And that quote rather neatly shows why the filmmakers went for "Pie" rather than "Pea" - using the latter means that instead of being called "taking a leak", he is instead called "urine".


----------



## HRSegovia (Nov 23, 2012)

It is, however, an integral part of who he is and how he learned humility.  I understand the process of adaptation and how a film adaptation is never like the book (even certain liberties are taken), but changing the pronunciation has a certain sense of "wrongness," almost blatant defiance.  What harm would it have done to pronounce it correctly and keep that element of the character?  I'm not implying they should have stuck with calling him _pissing_, but _Pea_ rather than _Pie_.

It seems petty - I know - but simple things like the pronunciation of the protagonist's name are what make the books personal.  What good is a book if you can't identify with, and sympathize with, the characters?  So, of course, maintaining the pronunciation of the name is an important part of the story.


----------



## HRSegovia (Nov 23, 2012)

As for Jonsey, certainly he is referring to the spelling and not the pronunciation.  After all, the quote is from his book on how it is pronounced.


----------



## jonesy (Nov 23, 2012)

HRSegovia said:


> As for Jonsey, certainly he is referring to the spelling and not the pronunciation.  After all, the quote is from his book on how it is pronounced.



Nope.
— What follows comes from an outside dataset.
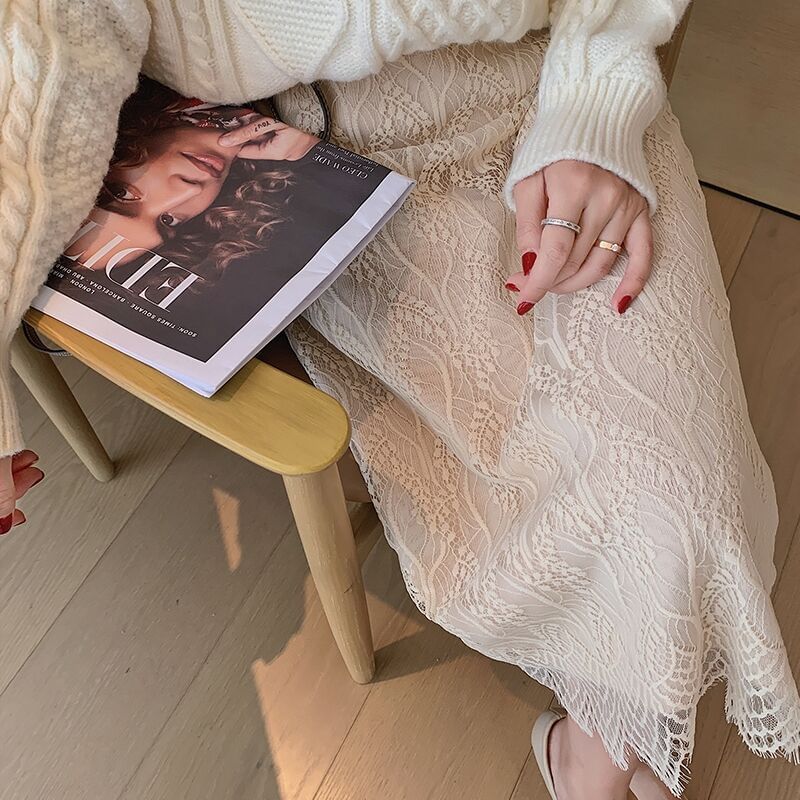 Lace Panel Knit Midi A-Line Skirt with High Waist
Like I said, the quote is about how his name is spelled. Not how Pi, his nickname, is spelled. Here's audio from the author:
http://www.youtube.com/watch?v=aJYS9SQn1LA
He says 'pie'.


----------



## jonesy (Nov 23, 2012)

Do you remember what his brother says to him when he learns of the nickname?


----------



## Aeolius (Nov 23, 2012)

I concur. If the author says the nickname is pronounced "Pie" instead of "Pea", let's go with that. There's always room for pie. 
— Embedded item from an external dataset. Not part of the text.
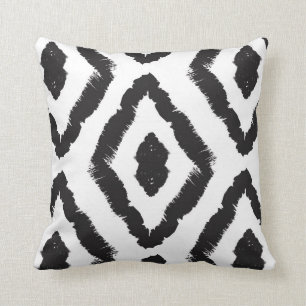 Modern Black and White Ikat Abstract Graphic Cushion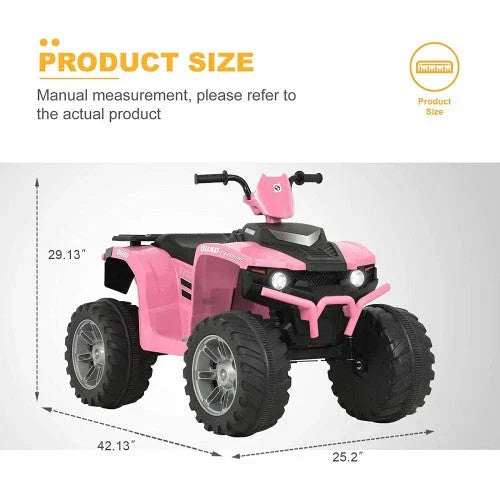 Pink 12V kids ride-on ATV with black and gray accents, designed for ages 3 to 7, shown with product dimensions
Now, back to the pronunciation of octopodes...


----------



## Crothian (Nov 23, 2012)

Eh, it wasn't that great of a book anyway.


----------



## HRSegovia (Nov 24, 2012)

jonesy said:


> Nope. Like I said, the quote is about how his name is spelled. Not how Pi, his nickname, is spelled. Here's audio from the author:
> http://www.youtube.com/watch?v=aJYS9SQn1LA
> He says 'pie'.




Hrm... I certainly cannot argue with this.  But the statement concerning _pea_ does present some confusion when reading.  Once you read this you spend the rest of the novel reading _pea_ in your head.  Thank you to all who responded and kept it civil (relatively).


----------



## jonesy (Nov 24, 2012)

HRSegovia said:


> Hrm... I certainly cannot argue with this.  But the statement concerning _pea_ does present some confusion when reading.  Once you read this you spend the rest of the novel reading _pea_ in your head.



You stopped reading at that point, didn't you? 

They do the pi=pie thing almost immediately after, in the book. 



> Thank you to all who responded and kept it civil (relatively).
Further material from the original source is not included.